The 20% “Qualified Business Income” deduction under Code Section 199A is a brand new pretty substantial tax break.  The  20% deduction is hedged by a lot of restrictions, but I think I may have found the secret to unleashing its power. Out of the over one thousand pages in the committee report on the bill, I am obsessing about one sentence fragment on page 24: “20 percent of the aggregate amount of the qualified cooperative dividends of the taxpayer for the taxable year.”

No Restrictions

The way the act is written there are no restrictions on cooperative dividends – no requirement for W-2 wages or depreciable assets once taxpayer is over an income threshold and even more intriguing no restriction of the fields of endeavor that generate the cooperative dividends. Once taxpayers are above the income threshold, income from the fields of law and health and several others generally does not qualify for the deduction, but those restrictions do not affect qualified cooperative dividends.

It is likely that Congress was not thinking about worker-owned cooperatives when that sentence fragment was added to the final bill. (It does not appear in either the House or the Senate bill and there is nothing in the committee explanation that clarifies it).  If that is the case they have created a major loophole for professionals in their zeal to take care of farmers.

You might argue that the purpose of cooperatives is to cut out the middleman.  One of the best known forms of cooperative are producer cooperatives, which seems to have been the focus of concern when the bill was tweaked.  Credit unions are another example of the cooperative principle as are food co-ops. 

And then there are worker-owned coops.  The middleman being cut out there is the employer.  Alana Semuels had an article in The Atlantic titled Getting Rid of Bosses to discuss the phenomenon. And it is here that we have to do a little bit of a mental split.  The worker-cooperative movement and the tax treatment of cooperatives are two different things.

Cooperatives In Spirit

The worker-owned cooperative movement is suffused with idealism.  The United States Federation of Worker Cooperatives tells us:

The two central characteristics of worker cooperatives are: (1) worker-members invest in and own the business together, and it distributes surplus to them and (2) decision-making is democratic, adhering to the general principle of one member-one vote.
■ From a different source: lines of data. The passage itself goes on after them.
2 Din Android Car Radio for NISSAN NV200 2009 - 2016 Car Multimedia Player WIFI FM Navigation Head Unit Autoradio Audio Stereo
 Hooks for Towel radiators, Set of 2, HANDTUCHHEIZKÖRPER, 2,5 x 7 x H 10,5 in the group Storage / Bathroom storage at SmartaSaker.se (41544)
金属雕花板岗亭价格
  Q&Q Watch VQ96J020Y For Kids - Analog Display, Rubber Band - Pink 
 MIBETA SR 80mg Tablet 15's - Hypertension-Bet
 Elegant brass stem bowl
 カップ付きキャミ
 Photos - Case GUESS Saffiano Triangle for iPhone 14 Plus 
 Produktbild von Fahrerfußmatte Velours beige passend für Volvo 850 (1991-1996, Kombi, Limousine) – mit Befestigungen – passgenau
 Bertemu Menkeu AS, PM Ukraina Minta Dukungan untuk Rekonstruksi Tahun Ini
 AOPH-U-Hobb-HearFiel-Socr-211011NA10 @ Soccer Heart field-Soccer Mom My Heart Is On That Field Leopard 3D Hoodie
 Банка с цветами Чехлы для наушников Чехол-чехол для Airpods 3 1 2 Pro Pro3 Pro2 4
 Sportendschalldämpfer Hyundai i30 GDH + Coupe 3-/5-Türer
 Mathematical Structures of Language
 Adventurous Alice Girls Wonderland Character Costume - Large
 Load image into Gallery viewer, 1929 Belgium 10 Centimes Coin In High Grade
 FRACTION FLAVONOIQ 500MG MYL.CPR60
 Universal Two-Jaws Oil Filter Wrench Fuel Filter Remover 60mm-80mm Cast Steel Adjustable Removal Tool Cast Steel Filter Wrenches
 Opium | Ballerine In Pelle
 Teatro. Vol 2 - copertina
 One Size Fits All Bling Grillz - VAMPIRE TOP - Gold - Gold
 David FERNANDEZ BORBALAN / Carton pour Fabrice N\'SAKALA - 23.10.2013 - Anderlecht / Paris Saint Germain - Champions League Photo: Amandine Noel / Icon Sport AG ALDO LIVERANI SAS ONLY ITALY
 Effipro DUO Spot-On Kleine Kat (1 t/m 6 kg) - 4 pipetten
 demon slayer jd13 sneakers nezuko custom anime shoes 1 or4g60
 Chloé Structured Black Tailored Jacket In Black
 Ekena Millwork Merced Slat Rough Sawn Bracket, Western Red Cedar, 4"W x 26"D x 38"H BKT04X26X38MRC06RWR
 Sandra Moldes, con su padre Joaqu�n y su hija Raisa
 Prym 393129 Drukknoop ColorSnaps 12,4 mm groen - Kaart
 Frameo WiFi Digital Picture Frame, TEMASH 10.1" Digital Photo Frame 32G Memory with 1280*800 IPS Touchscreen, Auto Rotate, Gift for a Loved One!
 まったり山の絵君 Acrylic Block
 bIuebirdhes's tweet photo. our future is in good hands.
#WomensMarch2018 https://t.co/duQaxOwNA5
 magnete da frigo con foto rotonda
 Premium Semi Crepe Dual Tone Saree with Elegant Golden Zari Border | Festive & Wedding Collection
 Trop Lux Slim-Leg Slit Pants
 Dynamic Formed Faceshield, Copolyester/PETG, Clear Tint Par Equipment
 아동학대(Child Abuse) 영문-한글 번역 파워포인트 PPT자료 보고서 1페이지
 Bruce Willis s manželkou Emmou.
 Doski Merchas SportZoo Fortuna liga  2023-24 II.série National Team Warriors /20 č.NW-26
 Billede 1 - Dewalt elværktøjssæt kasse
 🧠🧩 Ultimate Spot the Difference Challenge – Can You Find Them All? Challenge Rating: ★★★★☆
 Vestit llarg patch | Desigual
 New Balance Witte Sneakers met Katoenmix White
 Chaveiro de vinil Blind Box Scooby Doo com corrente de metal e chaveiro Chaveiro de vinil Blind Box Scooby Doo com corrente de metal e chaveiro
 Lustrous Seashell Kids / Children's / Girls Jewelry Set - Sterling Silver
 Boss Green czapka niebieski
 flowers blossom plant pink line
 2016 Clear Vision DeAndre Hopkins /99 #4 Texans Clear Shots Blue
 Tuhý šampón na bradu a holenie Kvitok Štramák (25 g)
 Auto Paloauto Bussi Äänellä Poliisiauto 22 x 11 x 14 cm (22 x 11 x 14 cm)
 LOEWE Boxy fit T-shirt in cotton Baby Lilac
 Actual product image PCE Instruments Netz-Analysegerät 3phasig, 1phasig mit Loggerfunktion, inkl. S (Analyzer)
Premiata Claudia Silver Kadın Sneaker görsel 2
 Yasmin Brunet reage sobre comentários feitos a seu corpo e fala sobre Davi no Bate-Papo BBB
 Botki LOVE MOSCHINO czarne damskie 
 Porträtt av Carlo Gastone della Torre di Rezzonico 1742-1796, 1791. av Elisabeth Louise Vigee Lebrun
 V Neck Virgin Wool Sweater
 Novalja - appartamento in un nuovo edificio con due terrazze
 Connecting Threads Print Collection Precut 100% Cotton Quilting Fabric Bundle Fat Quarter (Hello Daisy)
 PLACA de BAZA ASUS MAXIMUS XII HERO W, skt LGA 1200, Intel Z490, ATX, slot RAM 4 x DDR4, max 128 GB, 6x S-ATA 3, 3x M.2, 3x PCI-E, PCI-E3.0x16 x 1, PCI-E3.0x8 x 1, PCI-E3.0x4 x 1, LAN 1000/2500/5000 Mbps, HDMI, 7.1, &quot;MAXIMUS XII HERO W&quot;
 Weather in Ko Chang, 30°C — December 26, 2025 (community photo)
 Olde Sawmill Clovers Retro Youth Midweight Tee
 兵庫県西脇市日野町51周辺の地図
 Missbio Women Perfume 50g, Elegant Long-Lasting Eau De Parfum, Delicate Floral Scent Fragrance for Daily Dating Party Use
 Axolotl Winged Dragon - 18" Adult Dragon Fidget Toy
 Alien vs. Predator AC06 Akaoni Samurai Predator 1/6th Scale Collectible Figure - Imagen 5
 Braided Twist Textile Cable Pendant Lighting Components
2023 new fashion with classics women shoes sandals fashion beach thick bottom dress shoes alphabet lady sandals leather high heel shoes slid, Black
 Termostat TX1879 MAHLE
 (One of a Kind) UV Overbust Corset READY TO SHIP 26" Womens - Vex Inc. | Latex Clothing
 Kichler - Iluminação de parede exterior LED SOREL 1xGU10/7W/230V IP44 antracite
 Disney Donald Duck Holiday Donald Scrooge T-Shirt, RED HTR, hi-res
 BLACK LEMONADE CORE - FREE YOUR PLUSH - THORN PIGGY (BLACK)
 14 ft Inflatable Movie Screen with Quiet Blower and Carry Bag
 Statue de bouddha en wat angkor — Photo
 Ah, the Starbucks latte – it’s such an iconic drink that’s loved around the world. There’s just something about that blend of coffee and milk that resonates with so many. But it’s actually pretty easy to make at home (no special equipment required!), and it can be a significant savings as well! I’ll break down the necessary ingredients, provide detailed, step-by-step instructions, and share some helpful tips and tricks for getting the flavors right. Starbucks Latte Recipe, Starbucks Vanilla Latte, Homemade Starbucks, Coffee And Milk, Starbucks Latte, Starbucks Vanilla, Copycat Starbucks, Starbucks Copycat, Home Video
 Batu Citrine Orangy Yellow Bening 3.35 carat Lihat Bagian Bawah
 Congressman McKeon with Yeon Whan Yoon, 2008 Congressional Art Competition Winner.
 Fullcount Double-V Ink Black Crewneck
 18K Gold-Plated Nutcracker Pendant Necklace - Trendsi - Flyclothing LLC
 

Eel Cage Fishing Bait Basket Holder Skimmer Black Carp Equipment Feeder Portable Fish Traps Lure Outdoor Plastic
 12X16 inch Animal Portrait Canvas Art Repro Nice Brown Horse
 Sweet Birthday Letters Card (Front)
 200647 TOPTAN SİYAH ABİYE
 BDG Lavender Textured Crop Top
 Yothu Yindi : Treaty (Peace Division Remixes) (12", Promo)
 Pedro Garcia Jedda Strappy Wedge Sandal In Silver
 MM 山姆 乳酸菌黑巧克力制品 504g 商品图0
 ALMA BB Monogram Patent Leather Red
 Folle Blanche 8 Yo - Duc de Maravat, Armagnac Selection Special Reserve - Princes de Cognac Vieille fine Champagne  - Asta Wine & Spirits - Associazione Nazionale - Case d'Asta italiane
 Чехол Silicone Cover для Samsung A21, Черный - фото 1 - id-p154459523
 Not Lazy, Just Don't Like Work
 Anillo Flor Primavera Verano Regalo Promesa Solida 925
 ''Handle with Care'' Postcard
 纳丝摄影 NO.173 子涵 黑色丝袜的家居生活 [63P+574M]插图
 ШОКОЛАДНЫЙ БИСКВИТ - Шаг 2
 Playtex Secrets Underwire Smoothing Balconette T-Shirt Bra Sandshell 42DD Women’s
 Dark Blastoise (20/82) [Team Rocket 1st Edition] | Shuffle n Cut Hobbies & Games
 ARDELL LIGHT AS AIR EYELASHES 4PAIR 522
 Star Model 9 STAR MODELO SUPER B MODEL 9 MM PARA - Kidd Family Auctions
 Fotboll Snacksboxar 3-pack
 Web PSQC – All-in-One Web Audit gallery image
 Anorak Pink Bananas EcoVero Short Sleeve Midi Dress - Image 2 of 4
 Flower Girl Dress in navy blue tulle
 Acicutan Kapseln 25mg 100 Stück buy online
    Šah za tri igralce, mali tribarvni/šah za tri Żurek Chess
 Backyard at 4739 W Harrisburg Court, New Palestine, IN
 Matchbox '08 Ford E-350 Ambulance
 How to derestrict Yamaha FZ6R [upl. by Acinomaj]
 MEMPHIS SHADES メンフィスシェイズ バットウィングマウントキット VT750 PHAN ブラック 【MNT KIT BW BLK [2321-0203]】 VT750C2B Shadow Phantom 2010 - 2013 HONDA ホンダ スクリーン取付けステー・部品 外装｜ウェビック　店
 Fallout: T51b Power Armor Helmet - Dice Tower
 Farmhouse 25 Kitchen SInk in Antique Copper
The international worker cooperative federation CICOPA established basic standards for worker cooperatives in the World Declaration on Cooperative Worker Ownership (also known as the Oslo Declaration) at a meeting in Oslo, Norway in 2003. The US Federation of Worker Cooperatives has signed on to this document.

It is also, at least in the form recognized by USFWC, not a very large phenomenon in this country.

Though we lack comprehensive data on the nature and scope of worker cooperatives in the U.S., researchers and practitioners conservatively estimate that there are over 350 democratic workplaces in the United States, employing over 5,000 people and generating over $500 million in annual revenues.

It is worth noting that if you were to boil it down to the essentials of worker-ownership and democratic governance, independent of the idealism, there are a vast number of entities that are, in essence, worker-owned cooperatives including, for example, the little boutique accounting practice that is still my day job.  And here is where things get a little more complicated.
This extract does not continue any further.